I'm afraid I don't have any experience of adopting from abroad, but we did look into it briefly and my understanding was that you had to get approved here first then meet that countries requirements too. Your Local Authority won't do your Home Study as they'll be looking for families for their children so I'd say you need an agency, ideally one that specialises in OS adoptions 

However, I would also add that not only will a good agency want to see that you've closed the door on having birth children, but I'd also say for your own benefit, think really carefully about which path you want to follow because, hoo boy, the adoption one isn't without it's heartbreaks too! You really will want to commit fully to your new child who, even if you adopt from abroad, will likely need parenting in a different way than a BC. Countries that have an adoption agreement for their babies to be taken overseas are clearly struggling to find domestic families which, and this certainly seems to be the case in what I've read about Americans adopting from OS (which is a lot more common there than it is here), often indicates that the infants are not really nurtured effectively / individually and will have attachment & possibly undisclosed medical histories. Even newborns recognize their mother tongue so if you are considering it I'd bear that in mind?? 

Anyway, good luck with it all- from your post you still seem to be thinking about your own BC- I'd say give yourself time to grieve that loss if you don't follow that path, then decide x x


----------



## olgakorbut (Jul 5, 2008)

Thanks Autumn Jade for coming back to me - yes it is indeed a difficult option also, I did alot of research after losing the twins, but didnt save it - more fool me!  Couldnt face it at the time. I know you have to get checked out here and abroad and it could take time, which age could be against me.


I am happy to consider either option, need to find out how much treatment would cost for the embies/chances of it working/if I can get anything done at all, the lack of finances is stopping that one big time!


I would be happy to adopt, I am a marketing manager by job and worked in the social care field, including fostering and adoption, and know it is a lengthy process.  Need to look into things again and get some information I think and perhaps talk to somebody about it in more detail, post interviews and securing a new job, or if I do get a new job see somebody before I start so I don't interrupt a new role!


gosh so much to think about isn't there!!!!!


I appreciate our response really kind of you, but people on these boards have always been fab!!!


Kathy xxx


----------



## suitcase of dreams (Oct 7, 2007)

Kathy,
  for your loss, I remember you from the Czech boards
I just wanted to say that I looked into overseas adoption when I thought I was not going to succeed with DE and it is very expensive, at least as expensive as fertility treatment if not more. You have to pay your LA or adoption agency for the home study process which I seem to recall is several thousand pounds and then each country has its own fees which can be very high. I don't want to come on as the voice of doom and gloom but just wanted to prepare you for the fact that you may find the costs of overseas adoption prohibitive   
No cost to adopt in the UK though of course - but I'm not sure about age limits 
Wishing you the very best of luck whatever you decide
Suitcase
x


----------



## olgakorbut (Jul 5, 2008)

Thanks S of D's, yes I remember you well!!! I thought that may be the case so it looks like I may have to look into the UK and possibly when and if I can find the money, to go back to Dr Gorgy to see what treatment is, if poss, and how much, but have other more pressing financial stuff at the moment.

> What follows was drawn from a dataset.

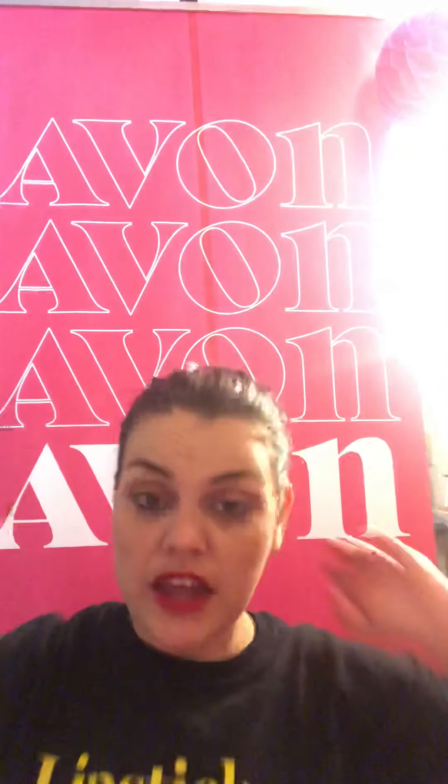Hey guys, Crystal here. Today I'm going to show you how to remove your makeup with Avon products. We've got three wonderful products. This one is the Avon True Color Moisturizing Eye Makeup Remover — very classic, people love it, I love it. I've used it for years, my whole life. It's very good for removing blush, lipstick, whatever, and I've used it on my whole face with no problems.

I have heard that age is not so much an issue now, but it still takes a long time to adopt, wish I had started to look into it sooner to be honest or stuck with it last time, but my feeling was that it was not right then!


Lovely to hear from you!!


If anybody else has any info on adopting abroad or UK as well that would be fab!


Kathy xxx


----------



## sparkle2811 (Apr 30, 2011)

Hi we looked in to adopting abroad and it looked to cost between £30000 and £40000. It is over years but it's a lot of money. Our la would not consider us unless we assured them we would be doing no more fertility treatment and in fact we have to go back on contraception. 

I'd take some time and see if your ready to give up on ivf. It's such a big decision! Xxxx


----------



## olgakorbut (Jul 5, 2008)

Hi Sparkle (what a lovely name!)


Thanks for responding, really kind of you. I think to be honest you have just answered my question as we have already spent around £20K on IVF and currently with me not working that amount would have to mean a lottery win!    Not much chance of that one!


At least for now Brno, where I was going are keeping my embies frozen for me so very little cost to go back for them, it's the cost of treatment (again out of the equation until I get a job and save up/win the lottery/have a windfall) as it is very costly, which is the difficult bit, but as I had looked at adoption before I thought I would consider that too. May still look into the UK though age could go against us and it is a long haul!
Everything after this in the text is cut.